XI
Il giorno dopo il feldmaresciallo offrì un pranzo e un ballo, che l’imperatore onorò della sua presenza. Kutuzov era stato insignito dell’ordine di San Giorgio di primo grado; il sovrano lo trattava con grande deferenza, ma tutti sapevano che era scontento di lui. Si rispettavano le convenienze e l’imperatore era il primo a dare l’esempio, ma tutti sapevano che il vecchio era sotto accusa e non era buono a nulla. Quando al ballo, Kutuzov, secondo una vecchia abitudine dei tempi di Caterina, nel momento in cui l’imperatore faceva il suo ingresso nel salone, ordinò di deporre ai suoi piedi le bandiere conquistate al nemico, l’imperatore ebbe un moto di fastidio e pronunciò alcune parole. Qualcuno credette di udire: «Vecchio commediante.»
Il malcontento dell’imperatore nei confronti di Kutuzov aumentò ulteriormente a Vilno soprattutto perché Kutuzov chiaramente non voleva o non poteva comprendere il significato dell’imminente campagna.
Quando il mattino dopo il sovrano disse agli ufficiali riuniti da lui: «Voi non avete salvato solo la Russia, avete salvato l’Europa,» tutti da quel momento capirono che la guerra non era finita.

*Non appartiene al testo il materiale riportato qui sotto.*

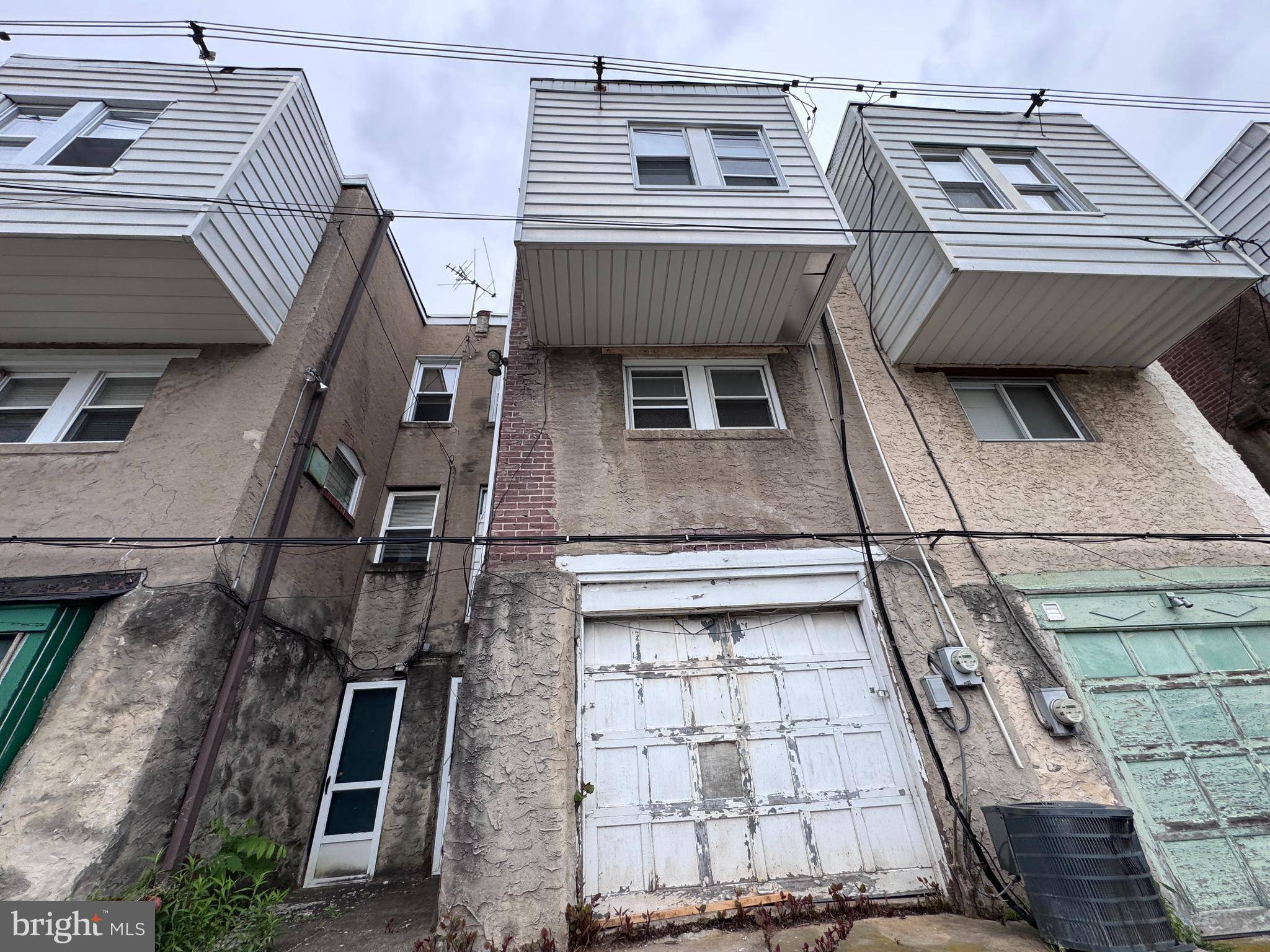 Philadelphia, PA 19142,6851 CHESTER AVE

Solo Kutuzov non voleva capirlo, e diceva apertamente la sua opinione, secondo la quale una nuova guerra non poteva migliorare la situazione e aumentare la gloria della Russia, ma poteva soltanto peggiorarne la posizione e far precipitare da quel sommo vertice di gloria che la Russia aveva ora raggiunto. Egli cercò di far capire all’imperatore l’impossibilità di arruolare nuove truppe; gli parlava delle gravi condizioni in cui versava la popolazione, della possibilità di un insuccesso, e così via.
Con un atteggiamento del genere, era evidente che il feldmaresciallo rappresentava solo un impaccio e un freno alla guerra imminente.
Per evitare urti col vecchio, si trovò una via d’uscita, la stessa di Austerlitz e dell’inizio della campagna con Barclay, che consisteva nel sottrarre al comandante in capo, senza allarmarlo e senza informarlo, la base del suo potere e nel trasmetterlo alla persona stessa del sovrano.
A tale fine si rimaneggiò gradualmente lo stato maggiore e la forza sostanziale dello stato maggiore di Kutuzov fu distrutta e trasferita al sovrano. Toll, Konovnicyn, Ermolov ebbero altre destinazioni. Tutti dicevano ad alta voce che il feldmaresciallo era diventato molto debole e che la sua salute era scossa.
E questo era indispensabile per poter passare il suo posto a chi gli sarebbe succeduto. E la sua salute era effettivamente in netto declino.
Nello stesso modo naturale, semplice e graduale con cui Kutuzov di ritorno dalla Turchia era apparso al palazzo delle finanze di Pietroburgo e aveva radunato la milizia e poi era diventato capo dell’esercito proprio quando era necessario, in modo altrettanto naturale, graduale e semplice, ora che la sua parte era finita, al suo posto apparve un nuovo personaggio richiesto dal momento storico.
La guerra del 1812, oltre al suo significato nazionale, caro al cuore di ogni russo, ne aveva un altro, europeo.
Al movimento dei popoli da occidente verso oriente doveva seguire un movimento di popoli da oriente verso occidente, e per questa nuova guerra era necessario un uomo nuovo che avesse qualità e opinioni diverse da quelle di Kutuzov e fosse mosso da altri impulsi.
Per il movimento dei popoli da Oriente verso Occidente e per il ristabilimento delle frontiere tra i popoli, Alessandro I era altrettanto necessario di quanto lo era stato Kutuzov per la salvezza e la gloria della Russia.
Kutuzov non capiva che cosa volessero dire Europa, equilibrio, Napoleone. E non poteva capirlo. Al rappresentante del popolo russo, una volta che il nemico era stato annientato, la Russia liberata e riportata all’apice della sua gloria, all’uomo russo in quanto russo, non restava più niente da fare. Al rappresentante della guerra nazionale non restava più nulla se non morire. Ed egli morì.